_MATERIAL PROVIDED_
============
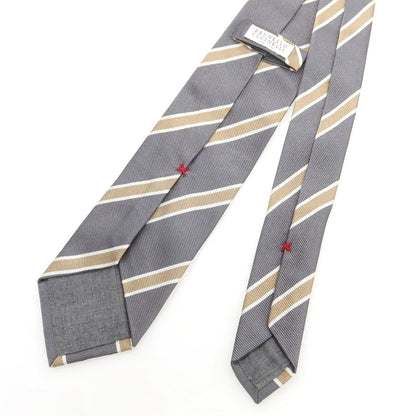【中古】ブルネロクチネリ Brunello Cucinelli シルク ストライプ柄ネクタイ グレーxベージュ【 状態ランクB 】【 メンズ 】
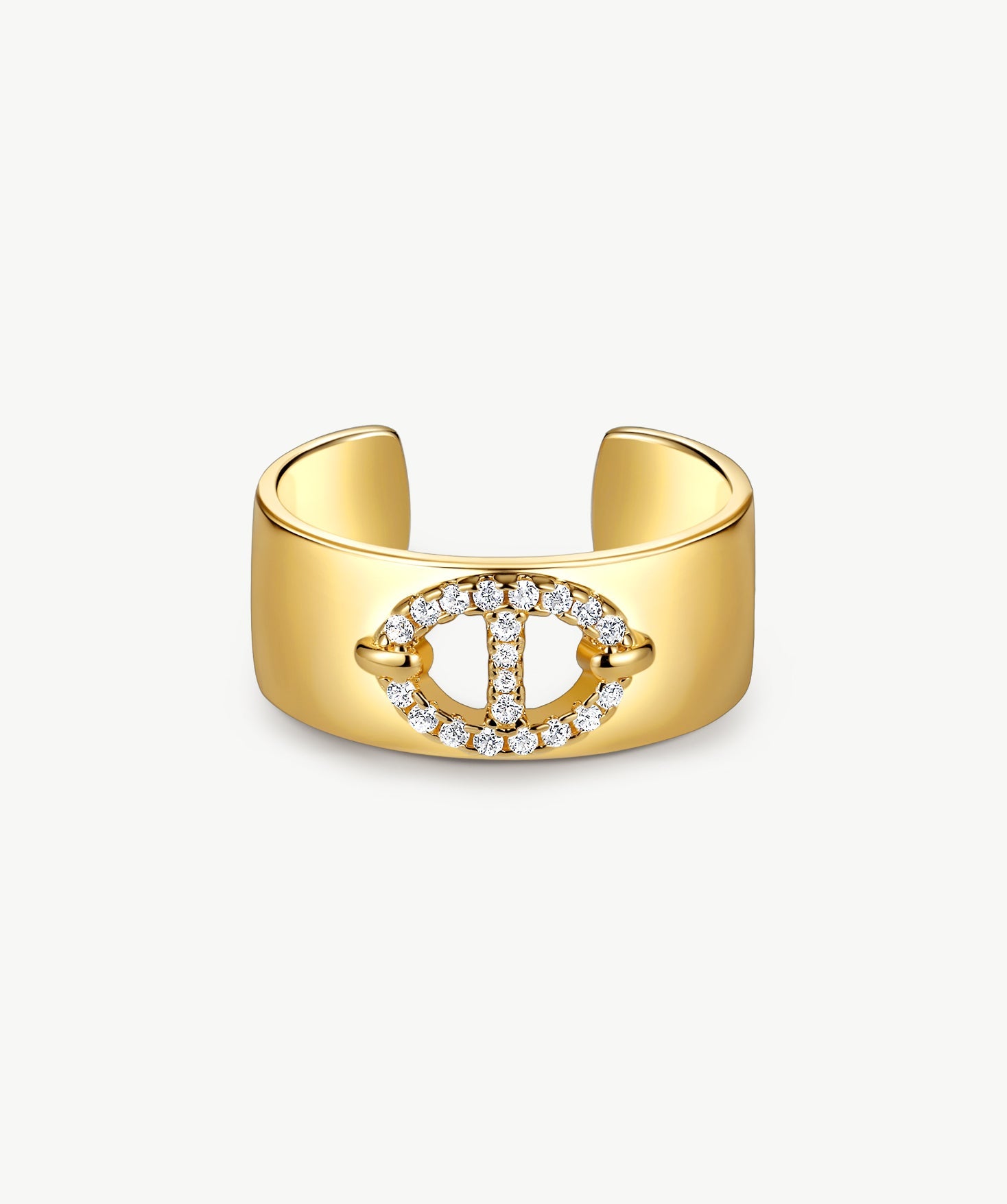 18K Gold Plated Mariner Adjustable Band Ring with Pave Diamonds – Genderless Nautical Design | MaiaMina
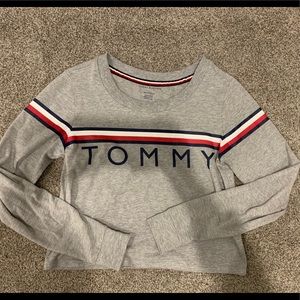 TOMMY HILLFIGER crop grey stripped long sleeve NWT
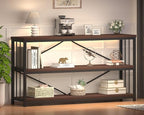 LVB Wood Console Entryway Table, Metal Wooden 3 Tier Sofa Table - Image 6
============
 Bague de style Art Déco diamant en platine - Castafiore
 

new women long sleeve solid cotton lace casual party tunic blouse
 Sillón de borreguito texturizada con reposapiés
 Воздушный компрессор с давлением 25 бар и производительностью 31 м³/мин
============
_DIRECTIONS_
Print exactly the lines above from the one with "Sillón de borreguito" to the one with "Воздушный компрессор с", including both.

_RESPONSE TO THE EXERCISE_
 Sillón de borreguito texturizada con reposapiés
 Воздушный компрессор с давлением 25 бар и производительностью 31 м³/мин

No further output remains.